** Work instructions **
Go to the line holding "Salad with Chicken" in the data below and repeat it exactly, then each line after it up to and including the one holding "ACwO DwOTS Bold". Omit pictures.

** Records supplied **
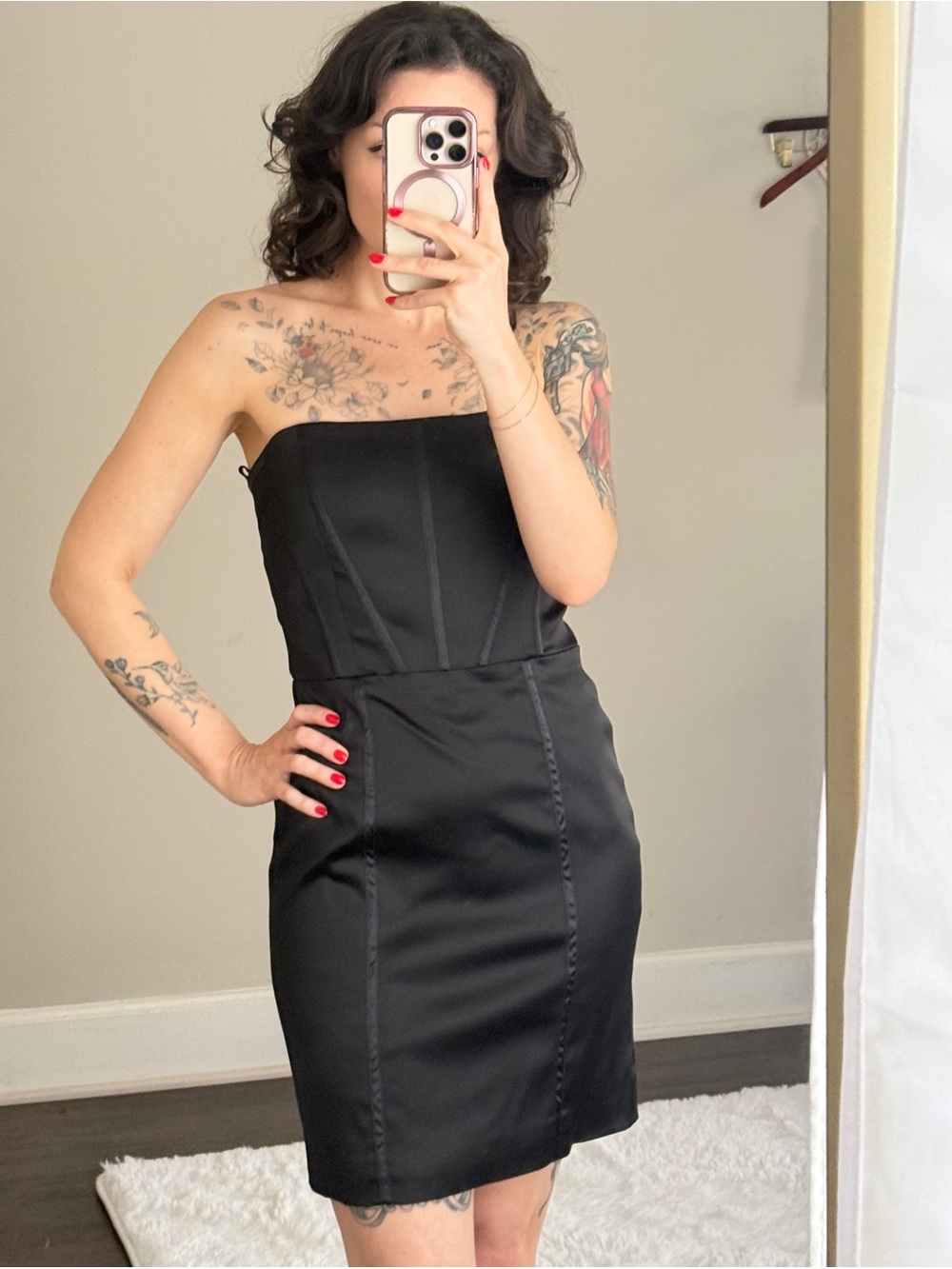 Alice + Olivia Strapless Black Sheath Dress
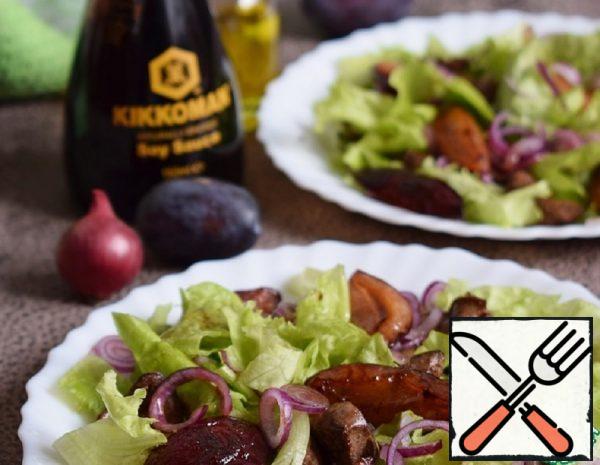 Salad with Chicken Liver and caramelized Plums Recipe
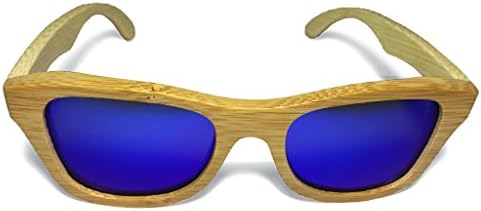 NOOICE Men's 55mm Blue Lens Wayfarer Polarized Bamboo Sunglasses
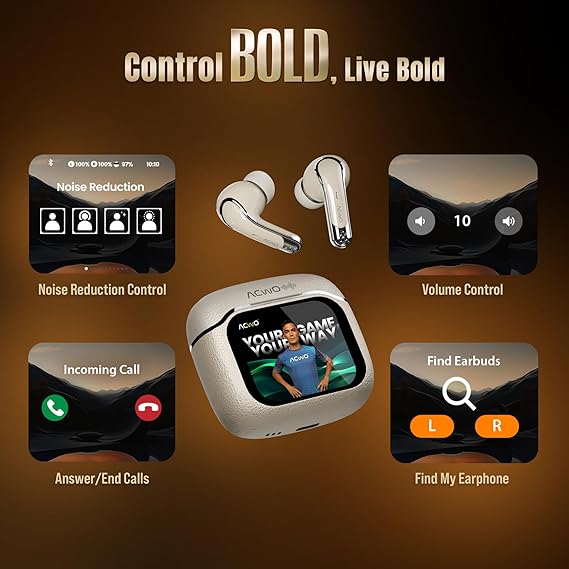 ACwO DwOTS Bold Earbuds | India’s 1st Smart 1.83” True HD Touch Display | ANC (32dB) | 60Hrs Playtime (3 Color options)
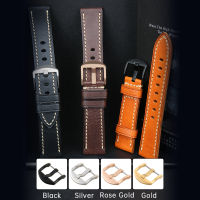 MAIKES Vintage Genuine Leahter Watch Band With Butterfly Buckle Clasp 20mm 22mm For Band 6 For mi band 4 Men Watch Strap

** Exercise output **
 Salad with Chicken Liver and caramelized Plums Recipe
 NOOICE Men's 55mm Blue Lens Wayfarer Polarized Bamboo Sunglasses
 ACwO DwOTS Bold Earbuds | India’s 1st Smart 1.83” True HD Touch Display | ANC (32dB) | 60Hrs Playtime (3 Color options)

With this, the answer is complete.